Economia

Ministros africanos analisam regras de origem e pescas

As regras de origem e a questão das pescas constituem os pontos de maior divergência entre os ministros do Comércio dos países membros da União Africana (UA) que trabalham para implementação da Zona de Comércio Livre Continental Africana (ZCLCA).

21/11/2020  Última atualização 17H35
Secretário de Estado Amadeu Nunes representou o ministro do Comércio em reunião continental © Fotografia por: Vigas da Purificação | Edições Novembro
A informação foi avançada, em Luanda, pelo secretário de Estado do Comércio, Amadeu Nunes, depois de ter participado numa reunião dos ministros do Comércio para a implementação da ZCLCA, realizada por videoconferência na quinta-feira e ontem.

Em declarações à imprensa, no primeiro dia do encontro, Amadeu Nunes disse que a maior parte das deliberações apresentadas foram aceites pelos ministros, "mas as regras de origem e pescas são os pontos de maior divergência, sobretudo em países onde o sector Pesqueiro é muito importante, como o caso de Angola”.A regra de origem é um critério escolhido por países ou blocos regionais para caracterizar a origem das mercadorias. No caso do peixe, quando está no nosso mar, é angolano, mas quando a bordo de um barco com pavilhão espanhol ou grego, passa a ter designação de origem desses países.
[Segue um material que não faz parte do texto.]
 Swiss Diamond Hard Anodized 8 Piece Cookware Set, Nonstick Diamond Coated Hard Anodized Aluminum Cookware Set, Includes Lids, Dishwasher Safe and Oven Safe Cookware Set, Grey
O secretário de Estado indicou que o que os negociadores africanos da ZCLCA pretendem é que as regras de origem adoptadas pelo Organização Mundial do Comércio (OMC) "não se transferiram para nós”.A implementação da Zona de Comércio Livre Continental Africana está agendada para o dia 1 de Janeiro do próximo ano, com Angola e outros países membros da União Africana engajados na eliminação de denominadores incomuns para a implementação da ZCLCA.

Na reunião que encerrou ontem, os ministros do Comércio da UA também discutiram a operacionalização das disposições aduaneiras e o protocolo sobre o comércio de bens e anexos relacionados ao tema, como a agenda de redução tarifária, cooperação aduaneira e assistência administrativa mútua.As recomendações saídas do encontro são submetidas à apreciação de Chefes-de-Estado, que vão reunir-se em cimeira a 5 de Dezembro.
Impulso angolano

Angola, representada pelo Presidente João Lourenço, foi o quarto país a subscrever, a 21 de Março de 2018, em Kigali (Rwanda), o 1º Acordo de Criação da ZCLCA, dando os primeiros passos para que, hoje, 40 dos 55 Estados-membros UA tenham assinado a adesão ao bloco continental.

A ZCLCA visa criar um único mercado continental de bens e serviços, estabelecer a livre circulação de pessoas e abrir a via para a aceleração de uma união aduaneira em 2022 e de uma comunidade económica africana até 2028.Do peixe fresco das Seychelles, ao petróleo de Angola, 90 por cento de todos os bens trocados em África vão passar a circular sem serem sujeitos a taxas aduaneiras.

Com a Eritreia de fora, o novo bloco económico entre 54 países, vai unir 1.300 milhões de pessoas e representar um Produto Interno Bruto (PIB) combinado de 3,4 triliões de dólares, conformando uma aliança comercial que poderá contribuir para a industrialização dos países africanos e a redução da dependência de outras potências económicas, como a China ou a União Europeia.

O bloco europeu é o maior parceiro comercial de África, representando 36 por cento do comércio de mercadorias africano que, em 2017, ultrapassou os 243 mil milhões de euros. De acordo com a União Africana, a nova zona de livre comércio será a maior do mundo e vai permitir um aumento de 60 por cento de trocas comerciais na região, até 2022.